Re: WAL archiving to network drive

Greg Smith <gsmith@xxxxxxxxxxxxx> · Wed, 20 Aug 2008 16:03:18 -0400 (EDT)

On Wed, 20 Aug 2008, Glen Parker wrote:

Greg Smith wrote:
2) If there is a problem with the network drive, the slow/blocked network 
write is not happening where the database is waiting for it.

This is not really a consideration, is it?  I was under the impression that 
no other database activity blocks waiting for the archiver.

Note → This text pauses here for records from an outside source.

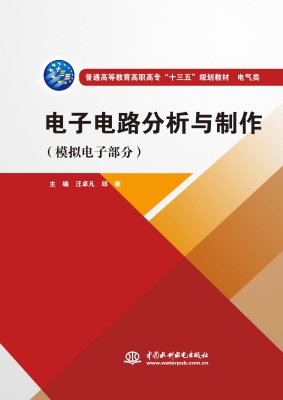 电子电路分析与制作（模
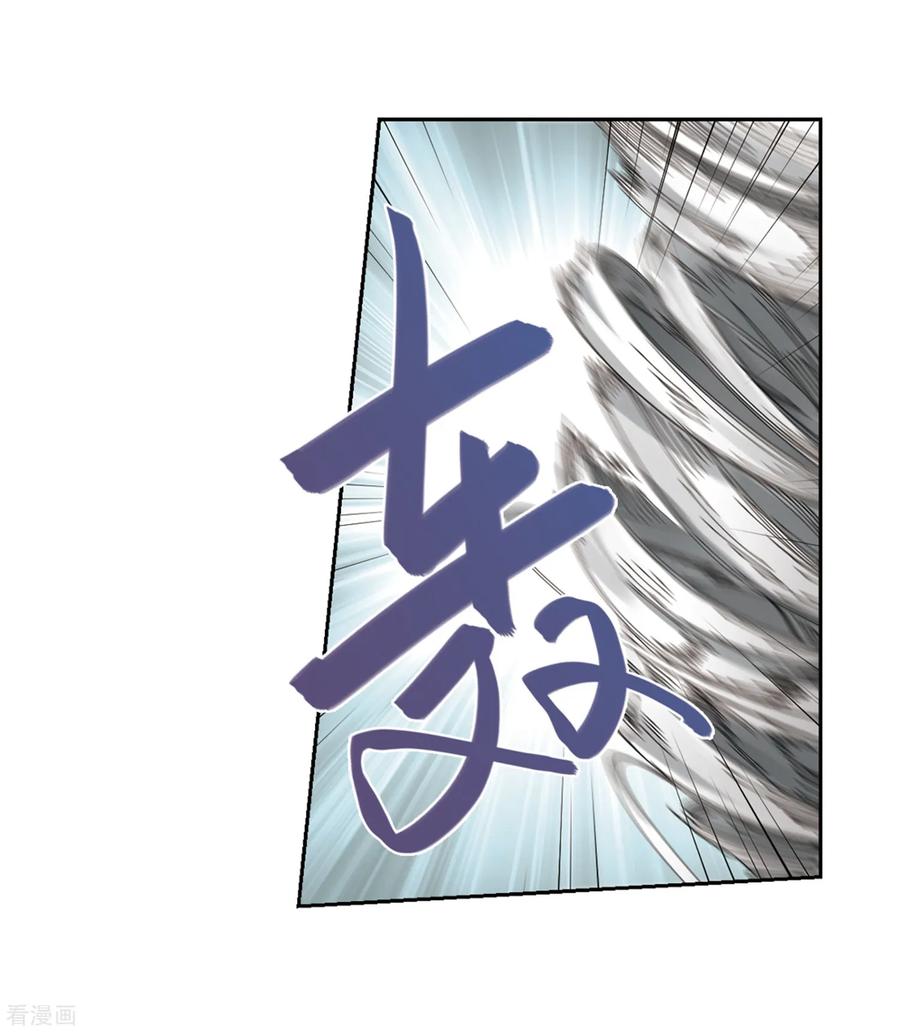 网游之近战法师251话 抢地盘2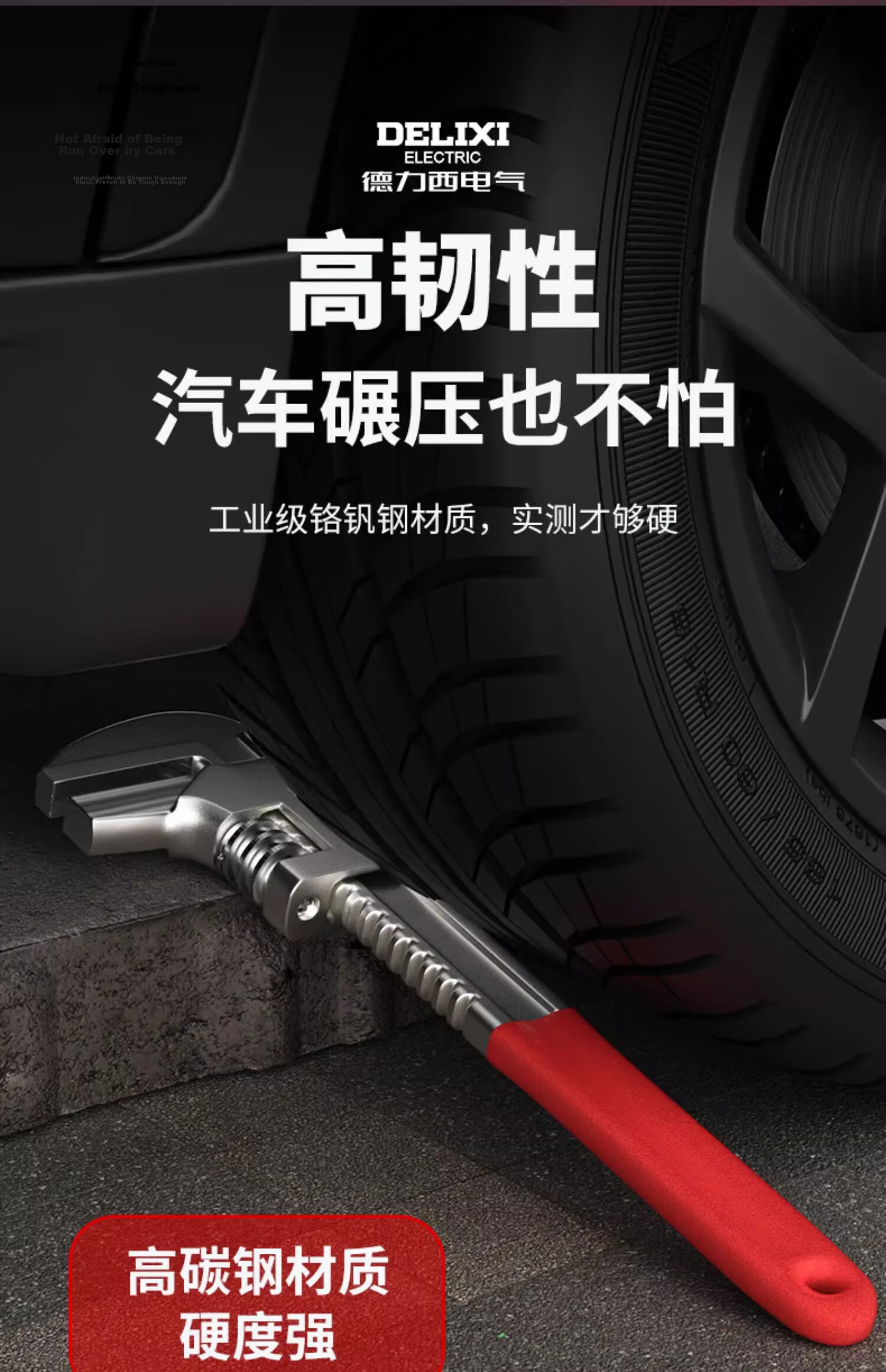 Delixi Adjustable Wrench Multi-Functional Pipe Wrench Universal Angle F-Type Large Opening Thickened Pipe Pliers 6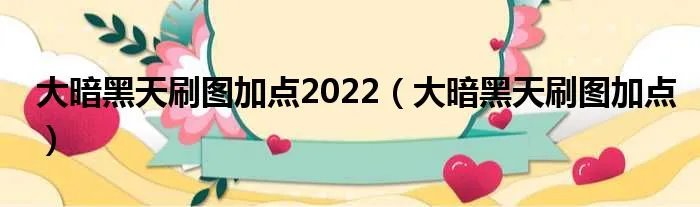 大暗黑天刷图加点2022(大暗黑天刷图加点)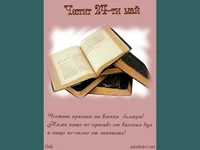 Пожелание за 24 май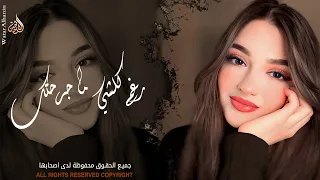 رغم كلشي ما جرحتك انا مو طبعي اخون     اغاني طرب واستكنان        مطلوبة أكثر شيء  دندنها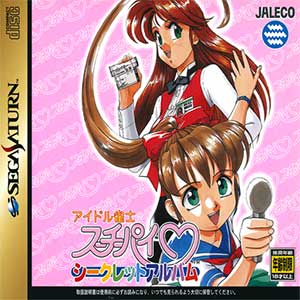 Idol Janshi Suchie-Pai Secret Album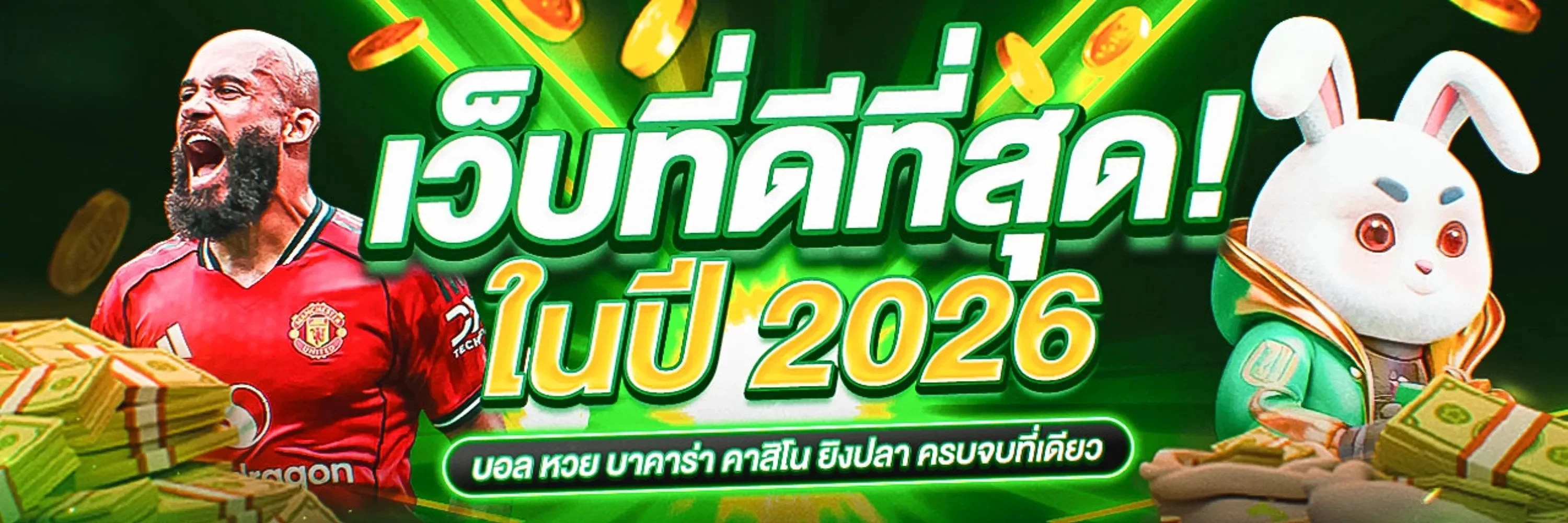rooll88 เว็บพนันออนไลน์อันดับ 1 สล็อต บาคาร่า แทงบอล หวย ครบจบในเว็บเดียว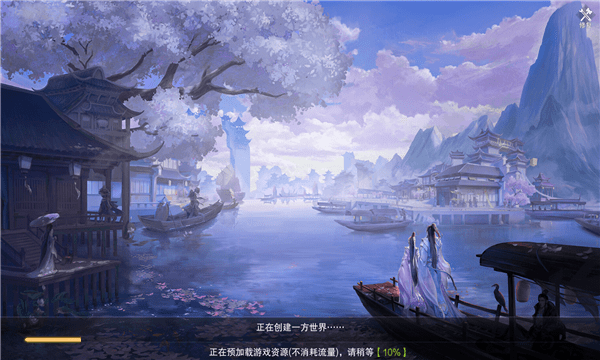 且拭天下手游正式版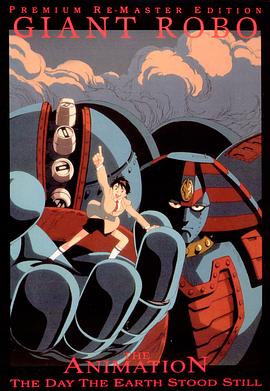 大铁人 地球静止之日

The database will continue accumulating WAL segments it can't recycle if 
the archiver keeps failing, which can cause the size of the pg_xlog 
directory (often mounted into a separate, smaller partition or disk) to 
increase dramatically.  You do not want to be the guy who caused the 
database to go down because the xlog disk filled after some network mount 
flaked out.  I've seen that way too many times in WAN environments where 
the remote location was unreachable for days, due to natural disaster for 
example, and since under normal operation pg_xlog never got very big it 
wasn't sized for that.

It will also slow things down a bit under heavy write loads, as every 
segment change will result in creating a new segment file rather than 
re-using an old one.

You also don't want to be the guy who has to explain why the database is 
taking hours to come back up again after it crashed and has 4000 WAL 
segments to replay, because archiving failed for a long time and prevented 
proper checkpoints (ask Robert Treat if you don't believe me, he also once 
was that guy).  While occasional archiving failures are tolerated just 
fine and you can catchup later, a design that presumes it's OK for them to 
happen for extended periods is not optimal.  A crash after an excess of 
segments have accumulated can result in a large amount of replay downtime 
for the server, and in some environments (where the primary is very 
redundant for example) the risk of that is worse than saying your PITR 
backup is hosed and just throwing away the segments if you can't transfer 
them to the backup for some reason.

3) In an emergency where the usual network drive is unavailable, you can 
temporarily change your archive strategy without touching the database 
server's configuration.

That's just as true with the direct write method.  You simply change the 
archive script to do nothing and return a failed exit status.  The DBMS will 
keep trying until you change it back, and then everything catches up and 
proceeds as normal.

I've already been through why assuming archive failures have zero cost can 
be bad above.  There are some additional issues here as well.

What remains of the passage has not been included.